The "spillway" is an end appendage which always mirrors a portion of the front, so that the buffer's interface to external code is everywhere linear. Callers can ignore the ring effect. If the caller's data happens to live at the wrap point, the spillway presents him with a nice linear interface. Now if your CPU happens to sport circular pointers, then you don't even need a spillway.

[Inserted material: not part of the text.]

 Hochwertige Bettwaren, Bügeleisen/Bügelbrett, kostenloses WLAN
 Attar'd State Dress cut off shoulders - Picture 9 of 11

Ultimately an overflow condition (bytes of live data > bytes of ring memory) is like any other out-of-memory condition and would be handled by an exception mechanism.
|
|
andrew cooke - Re: Software Fault Prevention by Language Choice
2/13/2004; 3:06:20 PM (reads: 183, responses: 0)
|
|
a circular buffer is safer because it is more complicated. it needs extra checks even for basic operation. access to a (linear) chunk of memory could be made as complicated, and as safe, but in practice it is not.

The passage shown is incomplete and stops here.